The cycle that began with [YOU] on AI asks its readers to see the machinery beneath the magic. The Markov chain is that machinery, named and made exact. When a language model produces a paragraph of fluent, coherent text, the mechanical description is: at each step, the model computed a probability distribution over possible next tokens given the context and drew one from that distribution; it then advanced to the new context and repeated the operation until done. This is a walk through a Markov chain of near-infinite state space, conditioned on a context window that may span thousands of tokens. The walk is local at every step—the model reaches only as far back as its context window—and the coherence it produces is an emergent property of how richly the context conditions the local choices, not of any global plan or intention.
The chain also enters the cycle as the source of the most precise account available of why these systems hallucinate structurally rather than incidentally. The chain generates the probable. A probable continuation is not necessarily a true one: truth and frequency are correlated in training data, but imperfectly so. When a model asserts a false claim with fluent confidence, it is producing the continuation that the transition probabilities—estimated from a corpus that contained fluent, confident false claims—make most probable. The hallucination is not a malfunction. It is the chain operating correctly on a probability distribution that conflates surface plausibility with factual accuracy. Fixing this requires something the chain cannot provide from inside: a representation of the distinction between the probable and the true, which is not a statistical property of sequences.
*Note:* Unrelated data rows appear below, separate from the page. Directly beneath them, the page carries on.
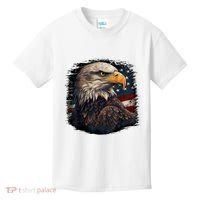 Bald Eagle Us American Flag 4th Of July Proud Patriotic Kids T-Shirt thumb 0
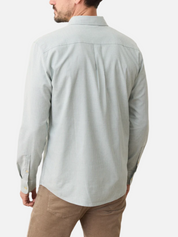 Marine Layer California Oxford Shirt Deep Sea Stripe Men's LS Long Sleeve Button Down Casual Shirt For Men Athens GA Georgia Kempt Menswear Store Near Me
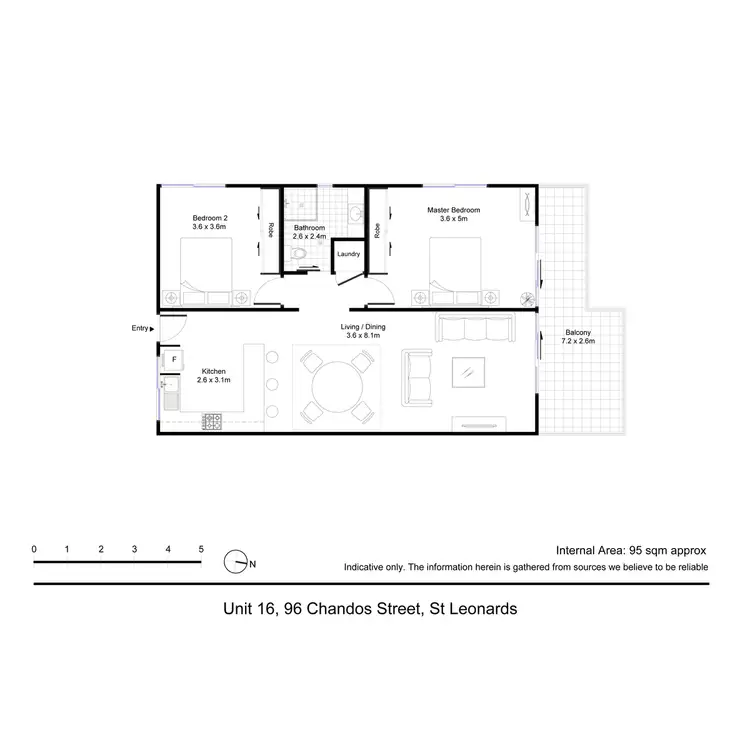 Floorplan of Homely apartment listing, 16/96 Chandos Street, Naremburn NSW 2065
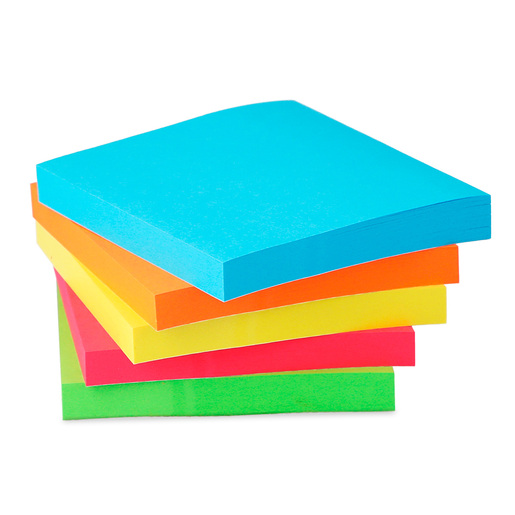 Notas Adhesivas Neón Office Depot / Colores surtidos / 7.6 x 7.6 cm / 500 hojas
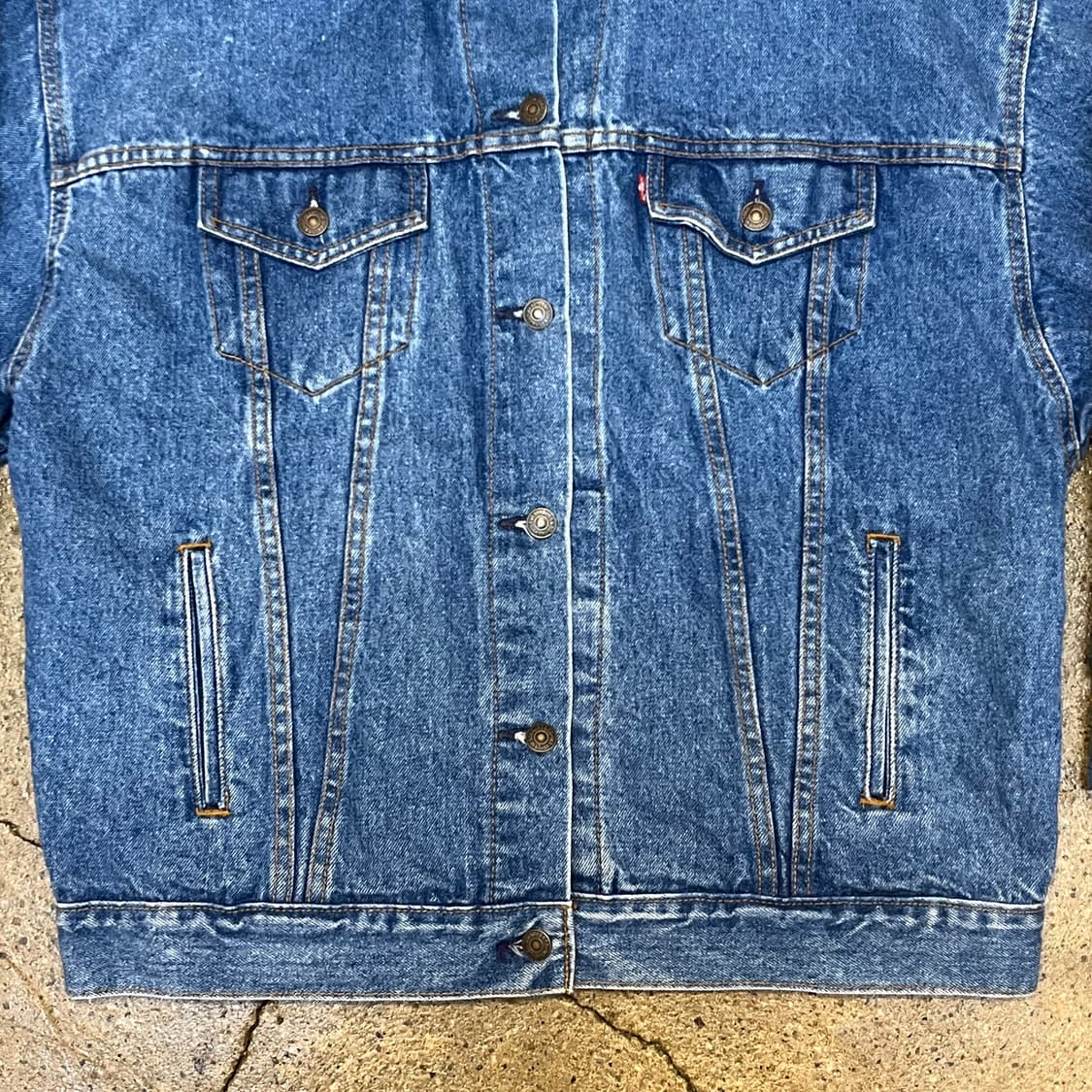 90s 미국빈티지 리바이스 데님 청자켓 상품이미지3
Markov introduced the chain in his 1906 paper as a technical counterexample to a theological argument. He proved that even sequences of dependent events—where each event’s probability depends on the preceding event—converge to stable long-run averages, the same behaviour that his opponent Nekrasov had attributed exclusively to independent events and inferred from it a mathematical proof of free will. Markov’s chains showed that you could have the statistical regularity without the independence, and therefore without any inference to the metaphysics of the soul.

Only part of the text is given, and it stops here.